As your team learns more about the data and how the model reacts to feedback, curators may make adjustments to the unified dataset, such as which attributes to include in machine learning.

Adding Categories to Records

After a curator completes schema mapping by updating the unified dataset, every record on the categorized records page has an add categorization link in the Categorization column.

Train Tamr Core by supplying categories:

  1. Navigate to the categorized records page by selecting the option to the right of Categories. The name of this page is project-specific and reflects what it is you are categorizing.
  2. Locate the records that are in your representative sample. Use gear icon Configure Table at the bottom of the page to configure column visibility, or use column sorting and search as needed.
  3. To supply the category for one record, select add categorization.
    To supply the same category for multiple records, move your cursor over the left edge and use the checkboxes that appear to select the records, then choose New categorization.

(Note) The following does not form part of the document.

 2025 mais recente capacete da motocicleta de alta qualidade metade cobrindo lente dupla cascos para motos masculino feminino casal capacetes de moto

Choose add categorization for a single record, or select 1) multiple records then 2) New categorization.

  1. In the Choose a category dialog box, browse through the tiers to find the categorization node you want to apply.
    Note: You can also search the taxonomy for a string.

Searching for a string reduces the categories shown to only those that match; initial categories should be verified.

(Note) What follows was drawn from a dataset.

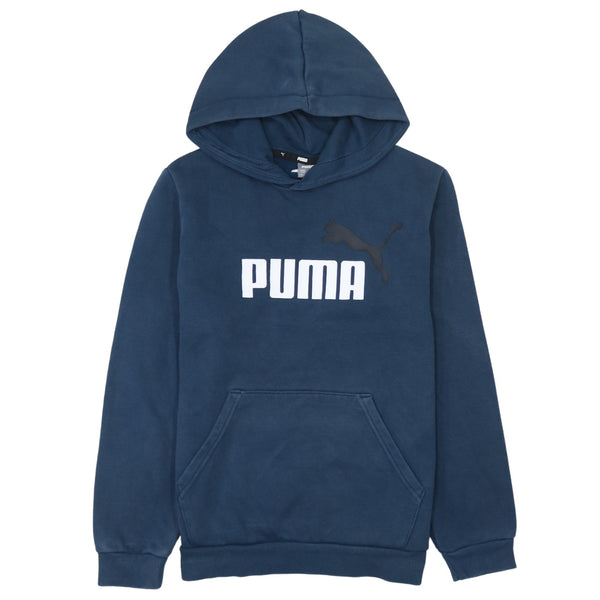 Puma   Hoodie Large Blue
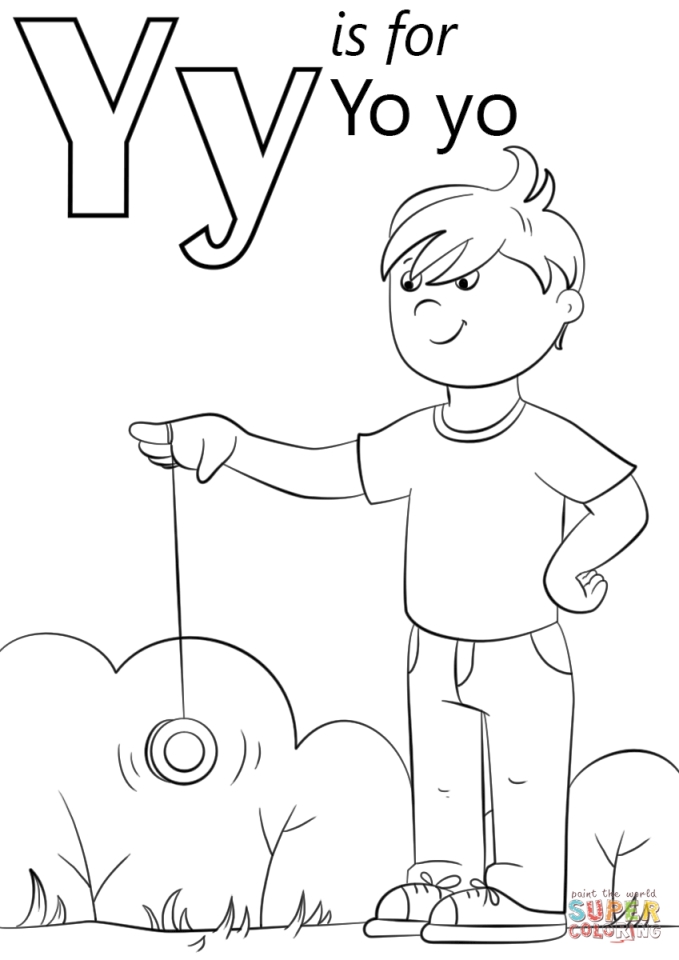 679x960 Get This Letter Y Coloring Pages Yo Yo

  1. (Optional) Provide a comment in the Reason field.
    Note: By default, your categorization is marked as verified by the Verify this categorization checkbox. During initial training, you should be sure of every category that you choose for the records in your sample. As a result, you are unlikely to need to clear this checkbox.
  2. After you Save, the categorized records page shows the assigned category in the Categorization column. Green font indicates that the category is verified, while the "+1" and up arrow indicators reflect the expert input you just provided.

Records with a category verified by an expert.